### Short text fragments from websites
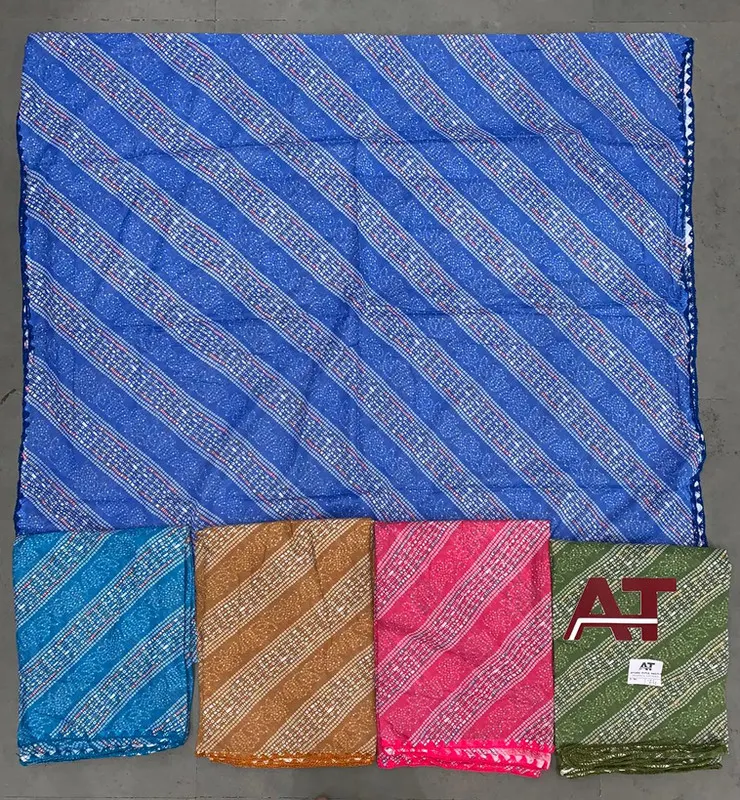 Cotton Dupatta Bandej Queen — wholesale, Apsara Textiles Nagpur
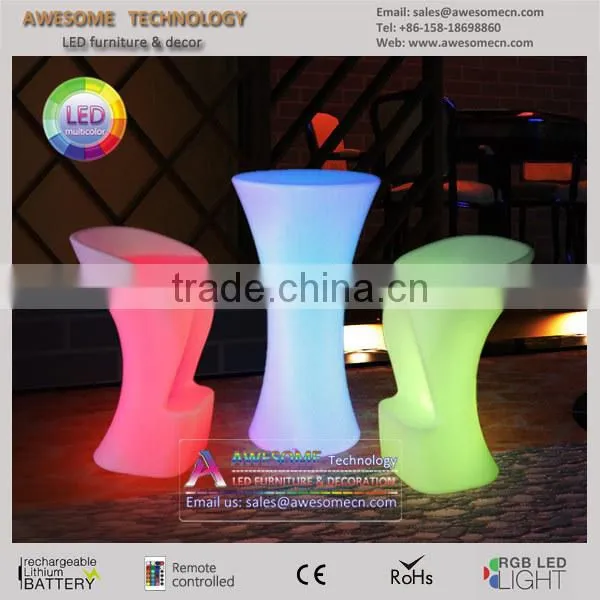 outdoor events party glowing led bar stools (BS100)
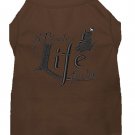 A Pirate's Life Embroidered Dog Shirt Brown Lg (14)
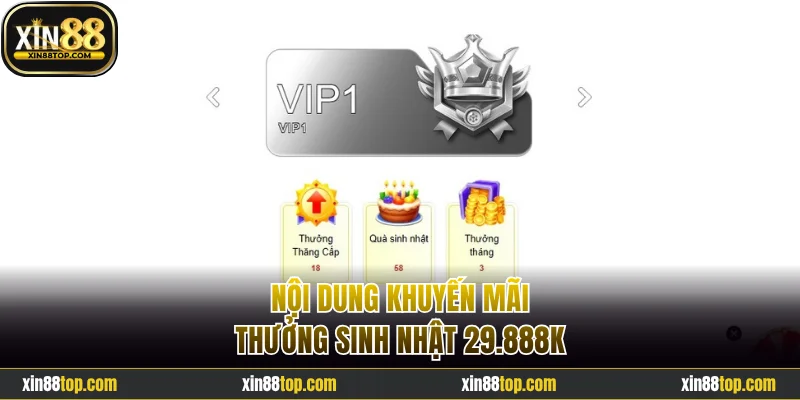Nội dung khuyến mãi thưởng sinh nhật 29888K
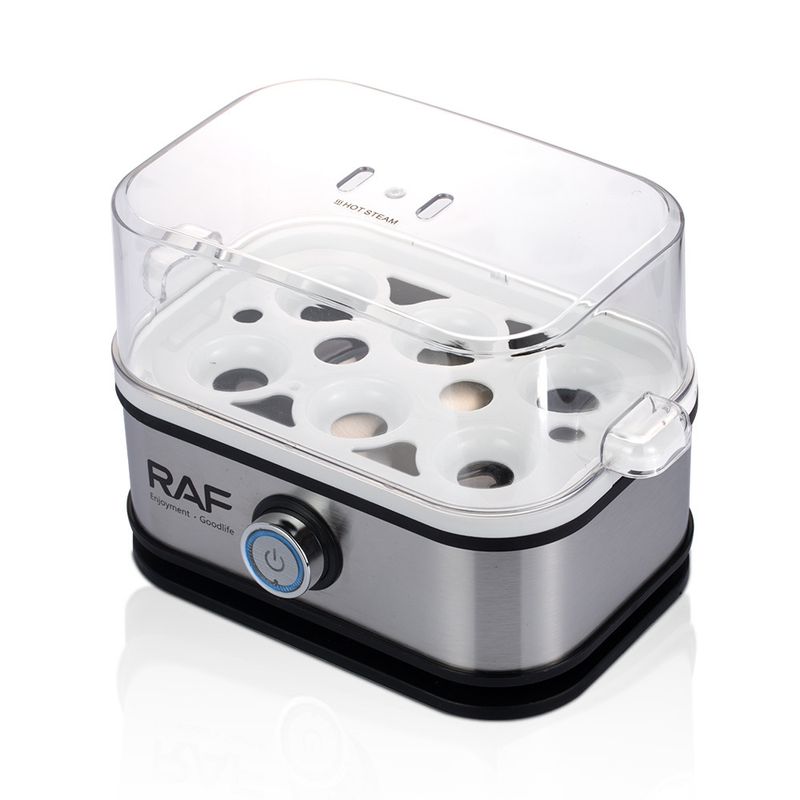 RAF EU Standard Steamer Household Multifunctional Small Breakfast Appliance Egg Cooker Anti-Dry Burn Automatic Power Off_voghion.com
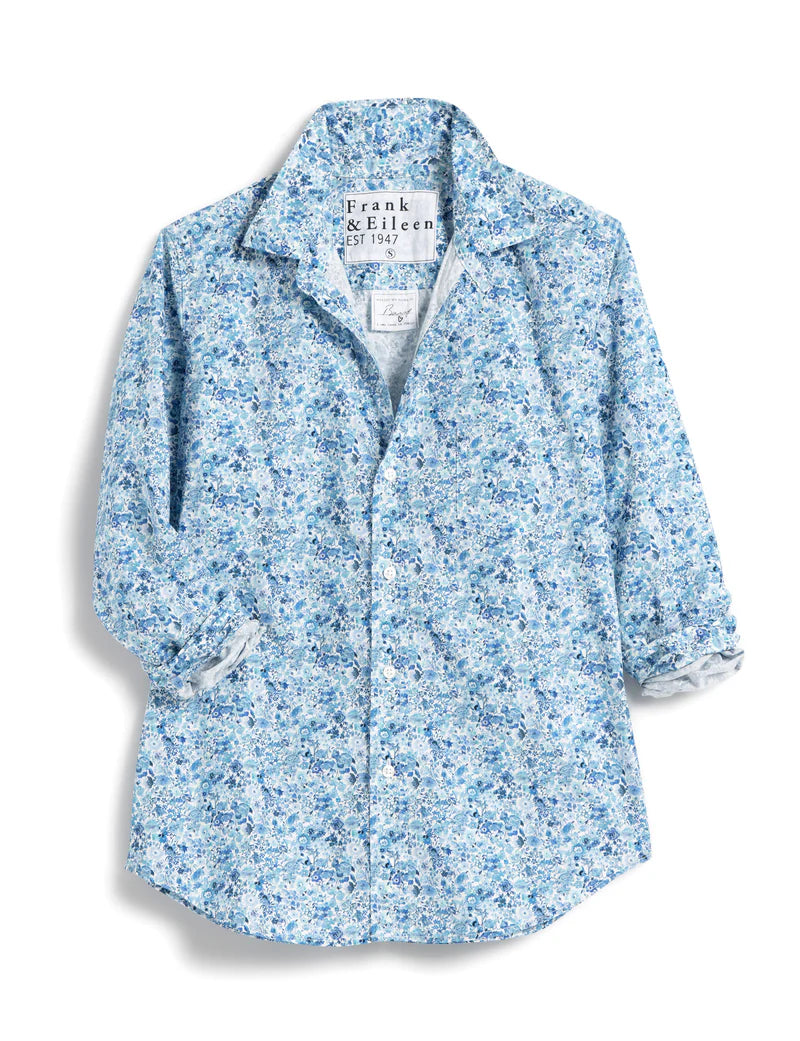 F&E Barry Shirt in Blue Floral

### Problem to solve
Retype the records above exactly, starting at the line that contains "Nội dung khuyến mãi thưởng sinh nhật 29888K" and going through the last line, and leave out any pictures.

### Your response
Nội dung khuyến mãi thưởng sinh nhật 29888K
 RAF EU Standard Steamer Household Multifunctional Small Breakfast Appliance Egg Cooker Anti-Dry Burn Automatic Power Off_voghion.com
 F&E Barry Shirt in Blue Floral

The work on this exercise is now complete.